• [DATA SECTION]
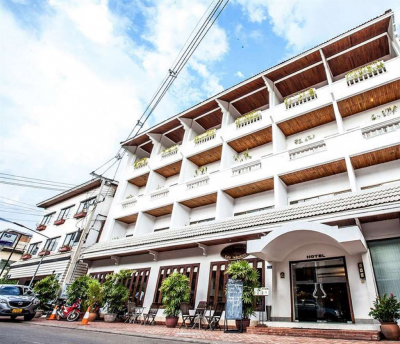 Best offers for BEST WESTERN VIENTIANE HOTEL Vientiane 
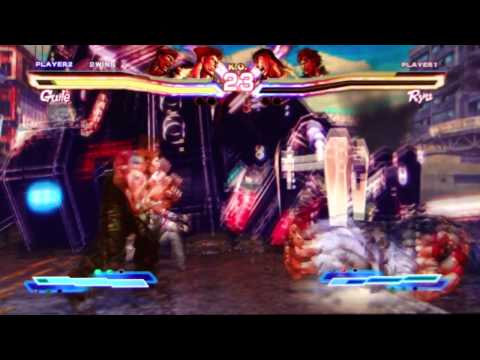 Street Fighter x Tekken Day 0 Casuals pt61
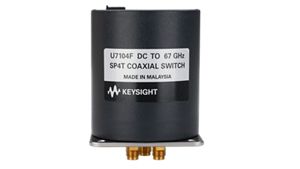Keysight U7104F RF komponente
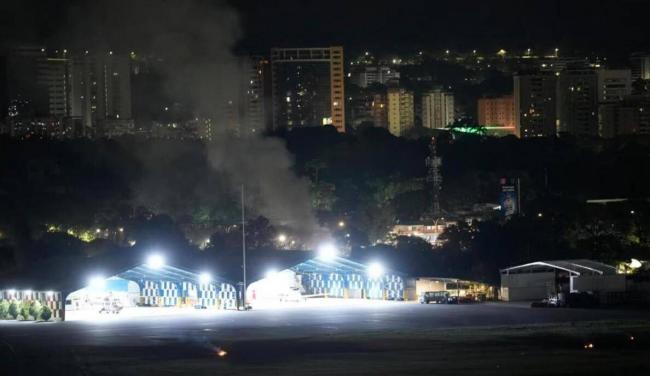 抓捕全流程:直奔马杜罗卧室,美情报精准度恐怖 抓捕全流程:直奔马杜罗卧室,美情报精准度恐怖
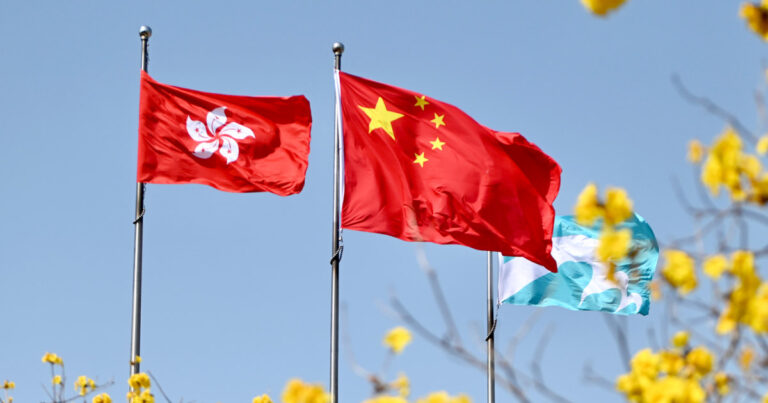 Hong Kong denies entry to press freedom advocate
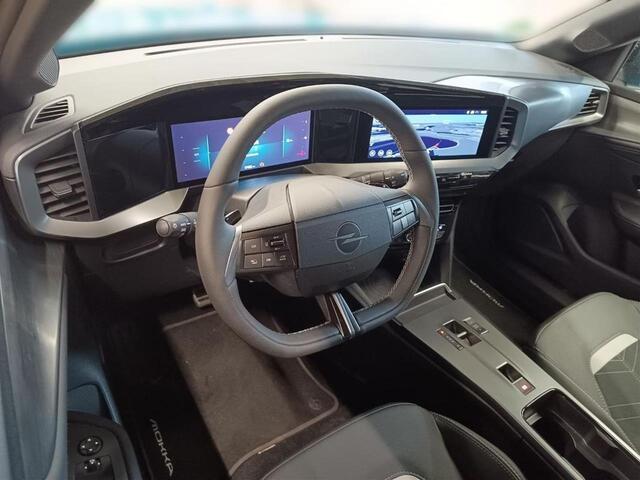 Opel MOKKA 1.2 Turbo Hybrid GS ** MATRIX, APPLE / ANDROID, VERW. ST, PRIVACY, MASSAGE ** Ex OPEL AG - UNFALLFREI ** ** INFORMEER OOK NAAR ONZE AANTREKKELIJKE FINANCIAL-LEASE TARIEVEN **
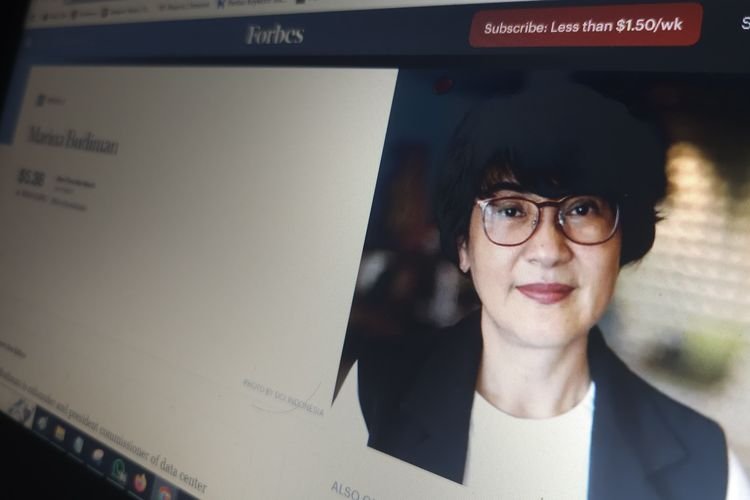 Marina Budiman: Wanita Terkaya di Indonesia dengan Kerajaan Bisnis Data Center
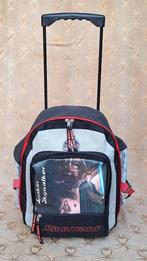 Star Wars kind trolley rugtas schooltas logeertas wieltjes, Sieraden, Tassen en Uiterlijk, Tassen | Rugtassen, Overige merken
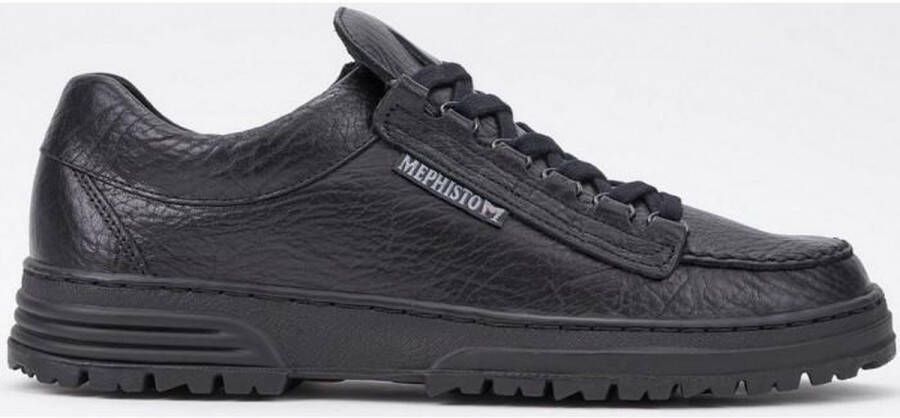 Mephisto Originals CRUISER heren veterschoen- zwart - Foto 2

• [EXERCISE REQUIREMENTS] Would you transcribe each of the entries exactly, skipping the pictures?

• [OUTPUT OF THE TASK]
 Best offers for BEST WESTERN VIENTIANE HOTEL Vientiane 
 Street Fighter x Tekken Day 0 Casuals pt61
Keysight U7104F RF komponente
 抓捕全流程:直奔马杜罗卧室,美情报精准度恐怖 抓捕全流程:直奔马杜罗卧室,美情报精准度恐怖
 Hong Kong denies entry to press freedom advocate
 Opel MOKKA 1.2 Turbo Hybrid GS ** MATRIX, APPLE / ANDROID, VERW. ST, PRIVACY, MASSAGE ** Ex OPEL AG - UNFALLFREI ** ** INFORMEER OOK NAAR ONZE AANTREKKELIJKE FINANCIAL-LEASE TARIEVEN **
 Marina Budiman: Wanita Terkaya di Indonesia dengan Kerajaan Bisnis Data Center
 Star Wars kind trolley rugtas schooltas logeertas wieltjes, Sieraden, Tassen en Uiterlijk, Tassen | Rugtassen, Overige merken
 Mephisto Originals CRUISER heren veterschoen- zwart - Foto 2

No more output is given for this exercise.